RAW DATA —
%%

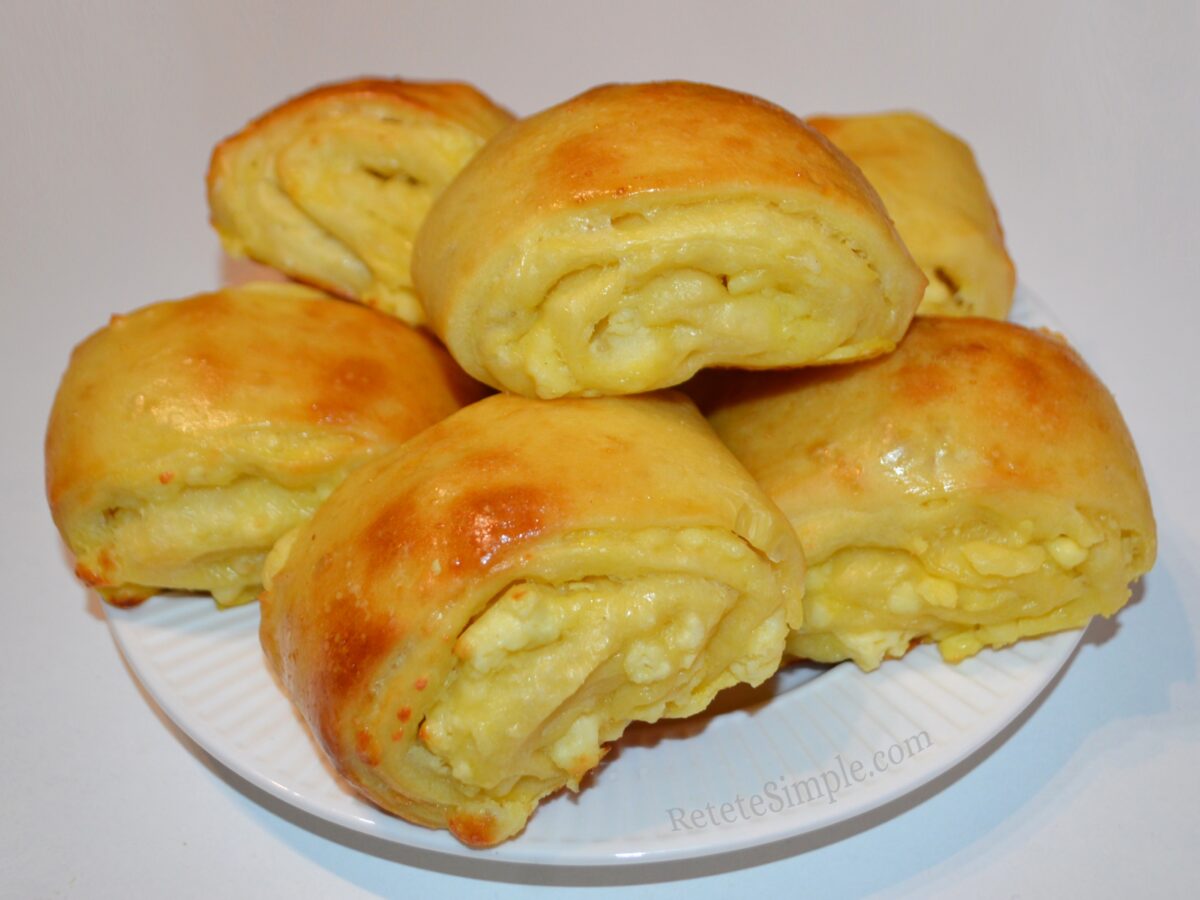 Espirales de queso al horno suaves y esponjosas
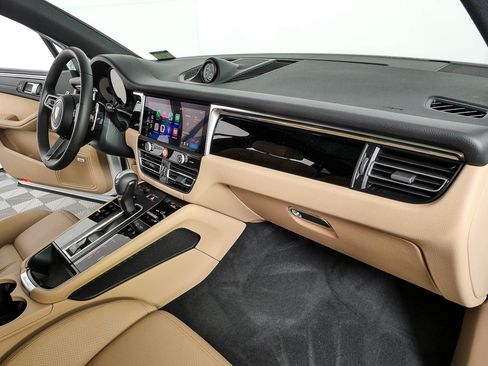 New 2026 Porsche Macan AWD/4WD image 25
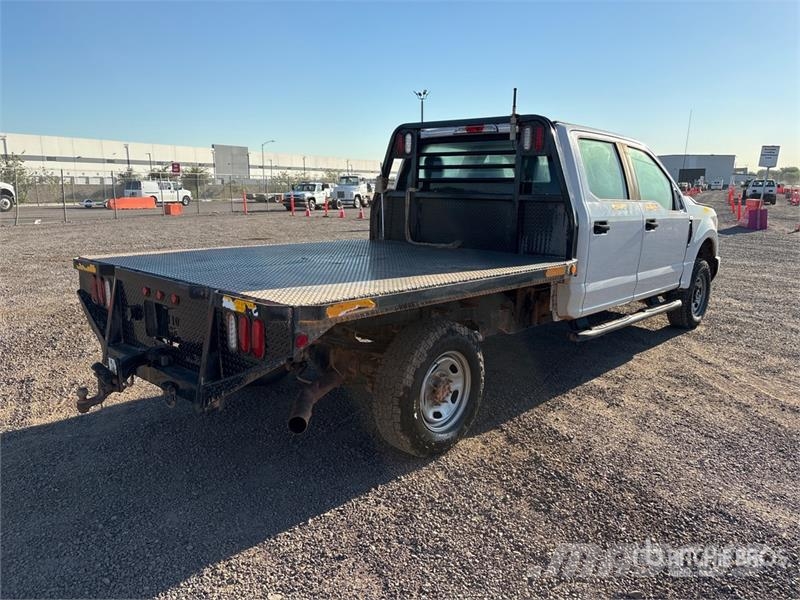 Ford F-250 Tovornjaki s kesonom/platojem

%%

All of the data above should be printed again exactly, though none of the pictures belong in the copy.

 Espirales de queso al horno suaves y esponjosas
 New 2026 Porsche Macan AWD/4WD image 25
 Ford F-250 Tovornjaki s kesonom/platojem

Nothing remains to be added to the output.